We have taken account of the foregoing aspects and issue the following

CALL TO ACTION

1.    Incorporate the establishment of MPAs into the national strategies that are being adopted to implement and localize the 2030 Agenda for Sustainable Development;

2.    Make use of the best available science as well as institutional and operational experience to establish, maintain, and effectively manage MPAs[1];

3.    Consider that Target 14.5 represents an important waypoint rather than an endpoint in our quest towards the implementation of Sustainable Development Goal 14 and the achievement of healthy, resilient and productive oceans;

4.    Map and describe areas where MPAs are especially needed and prioritize protection of vulnerable species and habitats as an initial measure in view ofthe year 2020 target, giving the highest consideration to both biodiversity distribution and ecosystem functioning ;

5.    Promote and help develop MPA governance frameworks that are appropriate to the specific MPA context and draw in an integrated manner on economic, knowledge, legal and participative incentives;

6.    Devise approaches for sustainability of MPAs that can best ensure the long term benefits of MPAs and their fair and equitable distribution among all sectors;

7.    Devise and help develop approaches to consistently involve all stakeholders, including local communities in a just and equitable manner in the assessment, designation and management of MPAs to improve ownership, benefit from traditional knowledge and practices, and stimulate the creation of livelihoods, thereby increasing the likelihood of success and sustainability;

8.    Increase focus on the economic issues related to MPAs and help devise and develop updated cost-benefit analysis that take into account the existing gap between the short term nature of investments and the long term character of MPA benefits;

9.    Support resource mobilization activities from all sources with a view to promoting and accelerating investment in the establishment and maintenance of MPAs, as part of the international effort towards the achievement of sustainable development;

10.   Help countries with capacity building and identification of resource opportunities.

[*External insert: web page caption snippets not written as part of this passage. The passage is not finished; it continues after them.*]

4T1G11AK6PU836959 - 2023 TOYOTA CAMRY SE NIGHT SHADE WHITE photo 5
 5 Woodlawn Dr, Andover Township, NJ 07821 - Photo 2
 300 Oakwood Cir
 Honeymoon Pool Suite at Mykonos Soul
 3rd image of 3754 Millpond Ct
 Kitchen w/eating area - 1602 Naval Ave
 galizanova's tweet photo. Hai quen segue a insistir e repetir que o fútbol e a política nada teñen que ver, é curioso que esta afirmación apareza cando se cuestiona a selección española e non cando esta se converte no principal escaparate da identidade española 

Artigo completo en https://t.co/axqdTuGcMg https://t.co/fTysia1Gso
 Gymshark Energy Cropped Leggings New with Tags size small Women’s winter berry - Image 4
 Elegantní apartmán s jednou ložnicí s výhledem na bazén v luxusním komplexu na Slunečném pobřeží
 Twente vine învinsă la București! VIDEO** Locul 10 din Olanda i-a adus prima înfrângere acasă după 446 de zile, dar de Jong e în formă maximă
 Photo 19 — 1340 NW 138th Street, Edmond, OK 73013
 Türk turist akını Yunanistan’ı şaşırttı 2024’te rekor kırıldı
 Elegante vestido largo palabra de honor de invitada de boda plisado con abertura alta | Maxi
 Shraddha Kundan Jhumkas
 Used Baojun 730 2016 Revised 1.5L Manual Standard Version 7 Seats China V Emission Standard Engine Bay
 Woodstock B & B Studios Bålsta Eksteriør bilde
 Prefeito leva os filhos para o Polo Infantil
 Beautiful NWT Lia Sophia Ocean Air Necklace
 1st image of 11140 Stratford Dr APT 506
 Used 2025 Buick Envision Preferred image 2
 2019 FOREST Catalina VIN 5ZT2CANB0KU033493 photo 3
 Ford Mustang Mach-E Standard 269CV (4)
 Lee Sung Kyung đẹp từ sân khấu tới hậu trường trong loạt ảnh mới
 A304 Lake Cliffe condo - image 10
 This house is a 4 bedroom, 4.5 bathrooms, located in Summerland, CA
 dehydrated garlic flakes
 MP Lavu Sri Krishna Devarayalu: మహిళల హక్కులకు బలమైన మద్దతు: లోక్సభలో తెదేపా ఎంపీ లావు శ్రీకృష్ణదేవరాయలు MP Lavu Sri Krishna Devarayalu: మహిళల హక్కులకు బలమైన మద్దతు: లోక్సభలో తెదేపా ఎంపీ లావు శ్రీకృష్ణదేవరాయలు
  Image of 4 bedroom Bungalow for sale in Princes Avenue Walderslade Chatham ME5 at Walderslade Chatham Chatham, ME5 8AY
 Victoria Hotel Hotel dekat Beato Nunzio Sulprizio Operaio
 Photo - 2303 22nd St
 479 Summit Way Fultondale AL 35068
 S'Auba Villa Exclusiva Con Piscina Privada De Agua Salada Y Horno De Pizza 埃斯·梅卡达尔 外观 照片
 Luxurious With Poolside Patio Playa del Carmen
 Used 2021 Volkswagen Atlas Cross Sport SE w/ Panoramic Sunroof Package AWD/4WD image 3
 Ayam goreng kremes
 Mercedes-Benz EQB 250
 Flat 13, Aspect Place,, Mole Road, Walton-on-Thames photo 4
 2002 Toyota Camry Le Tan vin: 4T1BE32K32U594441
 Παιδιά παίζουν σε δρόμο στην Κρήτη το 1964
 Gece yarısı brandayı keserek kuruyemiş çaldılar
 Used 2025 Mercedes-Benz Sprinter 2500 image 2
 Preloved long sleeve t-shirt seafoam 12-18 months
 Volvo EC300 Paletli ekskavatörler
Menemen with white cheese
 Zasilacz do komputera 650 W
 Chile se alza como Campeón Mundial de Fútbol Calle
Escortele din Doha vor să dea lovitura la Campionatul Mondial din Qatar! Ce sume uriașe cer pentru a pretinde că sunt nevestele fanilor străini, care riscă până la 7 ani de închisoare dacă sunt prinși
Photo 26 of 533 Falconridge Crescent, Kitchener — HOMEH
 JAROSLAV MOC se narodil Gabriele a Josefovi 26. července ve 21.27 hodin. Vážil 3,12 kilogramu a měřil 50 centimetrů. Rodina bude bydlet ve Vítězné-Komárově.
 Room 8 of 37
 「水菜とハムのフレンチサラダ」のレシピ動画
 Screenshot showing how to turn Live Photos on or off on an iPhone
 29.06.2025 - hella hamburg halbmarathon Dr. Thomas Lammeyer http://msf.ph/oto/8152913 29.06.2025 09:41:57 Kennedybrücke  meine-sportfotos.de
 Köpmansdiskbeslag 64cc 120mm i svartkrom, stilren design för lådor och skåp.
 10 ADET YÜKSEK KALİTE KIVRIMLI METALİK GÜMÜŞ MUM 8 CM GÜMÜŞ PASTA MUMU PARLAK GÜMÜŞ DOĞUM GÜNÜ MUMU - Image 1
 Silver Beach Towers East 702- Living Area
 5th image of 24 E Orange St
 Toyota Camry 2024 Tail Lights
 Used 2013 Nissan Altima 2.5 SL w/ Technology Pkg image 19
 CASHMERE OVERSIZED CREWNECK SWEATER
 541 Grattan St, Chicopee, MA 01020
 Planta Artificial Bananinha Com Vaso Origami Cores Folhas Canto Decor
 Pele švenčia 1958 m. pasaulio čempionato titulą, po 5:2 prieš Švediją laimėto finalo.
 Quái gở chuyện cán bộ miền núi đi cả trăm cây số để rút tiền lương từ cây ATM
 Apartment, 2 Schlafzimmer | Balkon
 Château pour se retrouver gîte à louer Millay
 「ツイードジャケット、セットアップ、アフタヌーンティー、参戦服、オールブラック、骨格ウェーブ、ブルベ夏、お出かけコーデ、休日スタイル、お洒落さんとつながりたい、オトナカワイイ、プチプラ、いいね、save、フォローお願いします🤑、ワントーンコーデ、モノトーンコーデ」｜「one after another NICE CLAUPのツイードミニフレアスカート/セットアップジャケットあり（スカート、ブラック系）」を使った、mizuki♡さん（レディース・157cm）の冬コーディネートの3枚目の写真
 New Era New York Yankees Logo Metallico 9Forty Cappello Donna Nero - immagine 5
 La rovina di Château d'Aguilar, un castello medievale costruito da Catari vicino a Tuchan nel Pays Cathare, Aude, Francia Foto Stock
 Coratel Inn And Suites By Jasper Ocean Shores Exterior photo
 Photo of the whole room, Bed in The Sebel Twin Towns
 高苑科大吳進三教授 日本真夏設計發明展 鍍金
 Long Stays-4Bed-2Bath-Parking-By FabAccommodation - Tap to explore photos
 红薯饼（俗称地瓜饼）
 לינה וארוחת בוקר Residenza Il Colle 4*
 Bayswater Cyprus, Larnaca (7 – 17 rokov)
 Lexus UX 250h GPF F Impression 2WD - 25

IN FURTHERANCE OF THESE AIMS WE CALL ON

11.   The international scientific community to continue research on Ocean issues on an urgent priority basis;

12.   The group of scientists and other MPA experts gathered in Rome to offer their assistance in the implementation of Target 5 of Sustainable Development Goal 14 both globally and in specific regions, including the application of their recommendations provided in the Rome Scientists’ Consensus;

13.   The Steering Committee of the 10x20 Initiative to:

          (a)      intensify its advocacy and support role to bring the present Call to Action to the attention of the international community;

          (b)      devise appropriate and effective follow-up activities to the CALL to ACTION;

          (c)      promote further dialogue between the scientific community and policy-makers including calling upon and engaging the group of MPA experts gathered in Rome;

          (d)      develop a “tool-box” that will assist in the identification, design, finance and governance of appropriate MPAs and MPA networks in a multiplicity of contexts, including transitional challenges for the establishment of MPAs.

The Steering Committee of the 10x20 Initiative to bring to the attention of Member States, including through the High Level Political Forum, the present CALL to ACTION and to convey to them the request to include into the Agenda of the forthcoming international conference on the Oceans – Fiji, 2017 – consideration of progress made towards the achievement of Target 14.5.